Wet Heat Authority tier 2

Baked Ziti

Baked ziti — ziti pasta (or penne, rigatoni, or any tubular pasta) tossed with ricotta, marinara sauce, and mozzarella, then baked until the cheese is melted and the top is golden and bubbling — is the Italian-American casserole that serves the same communal function as the Midwestern hot dish (AM4-01): it feeds a crowd from a single pan, it travels well, it reheats perfectly, and it appears at every funeral, every potluck, and every "I didn't know what to bring" gathering. The technique is Italian (*pasta al forno* — baked pasta), but the specifically Italian-American version is richer, cheesier, and more generous than its Italian ancestor.

Ziti or penne, cooked to just under al dente, tossed with ricotta (full-fat), marinara sauce, and Italian sausage (optional but common). Poured into a 9×13 baking dish, topped with shredded mozzarella and grated Parmesan. Baked at 190°C for 25-30 minutes until the cheese is melted, golden-brown in spots, and the sauce is bubbling at the edges. The pasta should be tender, the ricotta should create creamy pockets throughout, and the mozzarella should pull in strings when served.

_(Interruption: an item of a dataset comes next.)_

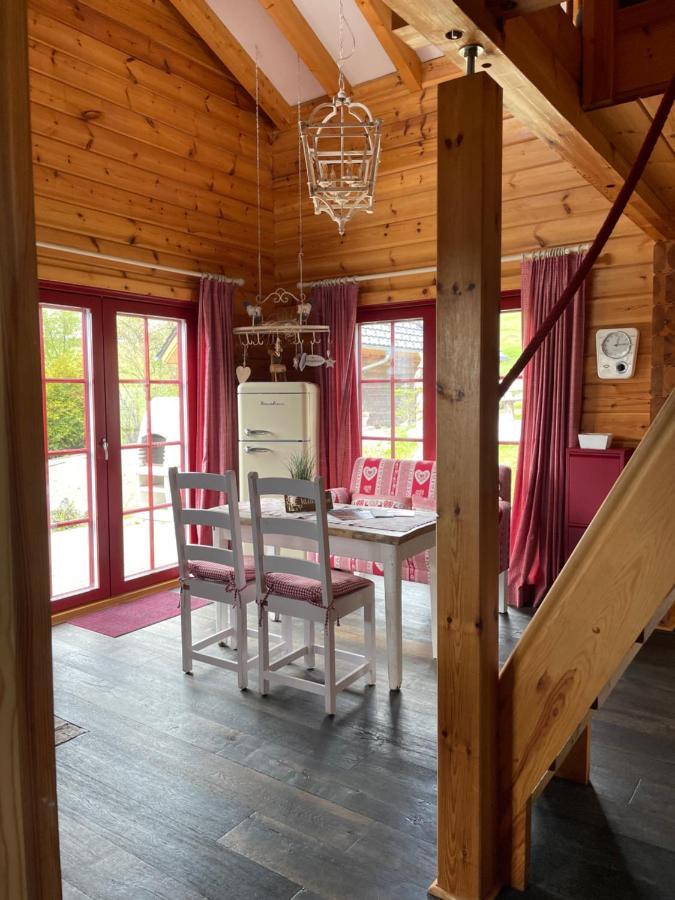 Blockhaus An Der Skiwiese Braunlage Esterno foto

1) Cook the pasta to JUST under al dente — it continues cooking in the oven. Fully cooked pasta becomes mushy after baking. 2) The ricotta is stirred in, not layered on top — it should create pockets of creaminess distributed throughout, not a distinct layer. 3) The mozzarella goes on TOP — it melts into a golden, stretchy lid. 4) Do not overbake — the cheese should be melted and beginning to brown, not dried and rubbery.

Baked ziti with Italian sausage (browned, crumbled, stirred in) is the best version. The sausage's fennel, garlic, and pork fat elevate the dish from simple baked pasta to something worth arguing about. The 9×13 pan of baked ziti is the Italian-American equivalent of the casserole — the food you bring when someone needs feeding.